Social Security Reform Plans Would Strenthen System
December 19, 2001
The final report of the president's Commission to Strengthen Social Security includes three broad frameworks for reform. Congress and the administration must develop the details, but all three options include a provision allowing workers to invest a portion of their Social Security taxes in a private retirement account (PRA).
- Option one integrates PRAs into Social Security and doesn't include any other changes to the system. It would not fully cure the current system's long-term insolvency within the 75-year valuation period without additional revenues.
- Workers who choose to participate would invest two percentage points of their 12.4 percent Social Security tax in an individual account.
- Option two -- which would let workers invest four percentage points of their Social Security tax in PRAs -- would have a benefits floor by 2018, which would guarantee low-income workers benefits equal to 120 percent of the poverty level.
- If the account earns a two percent average real rate of return, the account holder would receive a pension equal to the reformed benefit level -- and surviving spouse benefits would increase to 75 percent of the couple's benefits.

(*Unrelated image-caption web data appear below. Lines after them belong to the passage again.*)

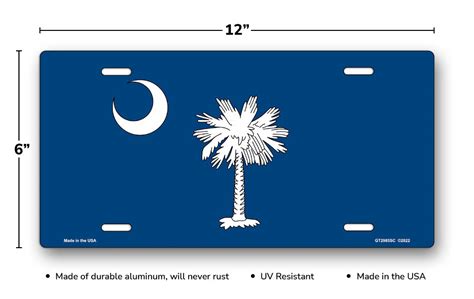 South Carolina State Flag License Plate – Salty Bones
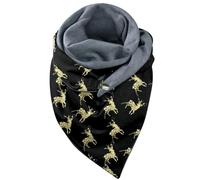 Hanraz Halstuch Damen, Weihnachtsschal Dreieckstuch Damen Bedruckte Mit Knopf Vintage Herbstschal Winter Motiv Modisch Halstücher Für Weihnachten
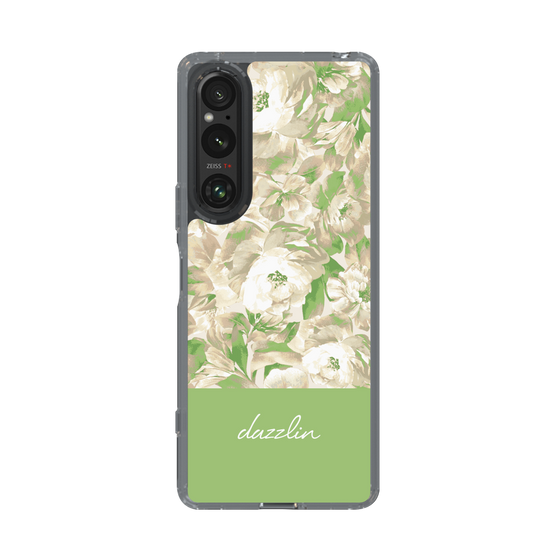 Slim Protection Case［ dazzlin - PaintFlower - Green ］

The third option makes the most changes to the system. Workers who invest one percent of payroll (over and above their Social Security taxes) into a PRA may also divert 2.5 percentage points of the 12.4 percent Social Security tax -- up to a $1,000 maximum -- into the account.
Over time, PRAs will alleviate pressures on the current system. But while all the approaches represent steps in the right direction, total reform can only be accomplished by a completely funded private system.